* **Input data**

┄┄┄┄┄┄

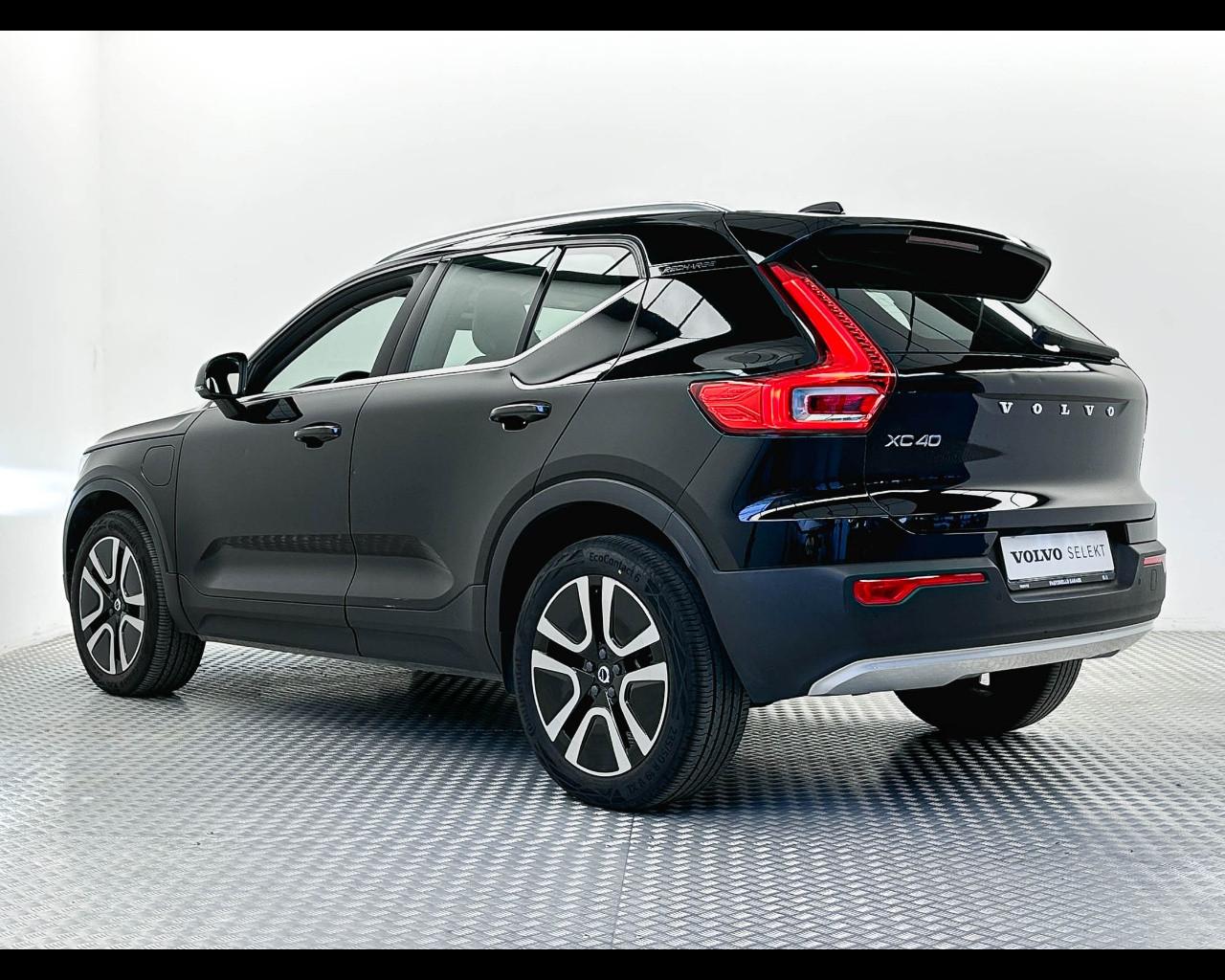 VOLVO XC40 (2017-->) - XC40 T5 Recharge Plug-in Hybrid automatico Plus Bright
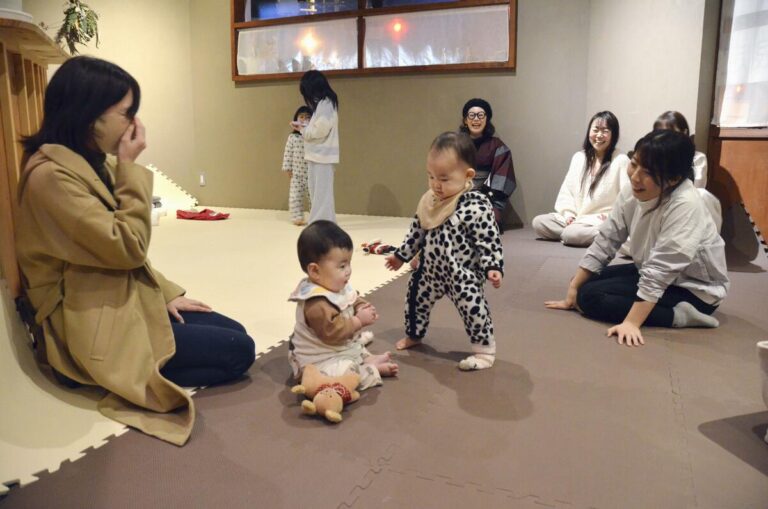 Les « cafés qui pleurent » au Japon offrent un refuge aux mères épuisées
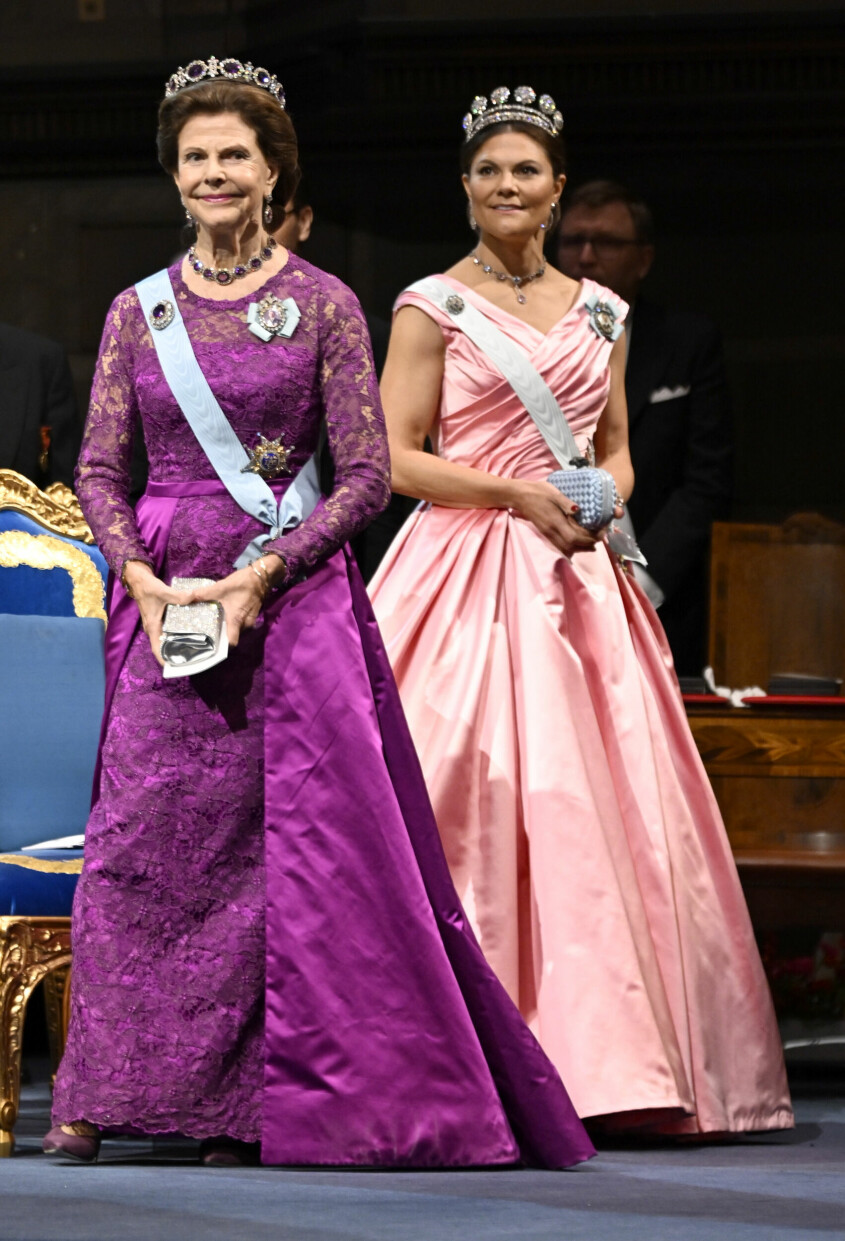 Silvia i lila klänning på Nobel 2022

┄┄┄┄┄┄

* **What this task involves**
Your copy should match the material above exactly, minus its pictures.

* **Your response**
 VOLVO XC40 (2017-->) - XC40 T5 Recharge Plug-in Hybrid automatico Plus Bright
 Les « cafés qui pleurent » au Japon offrent un refuge aux mères épuisées
 Silvia i lila klänning på Nobel 2022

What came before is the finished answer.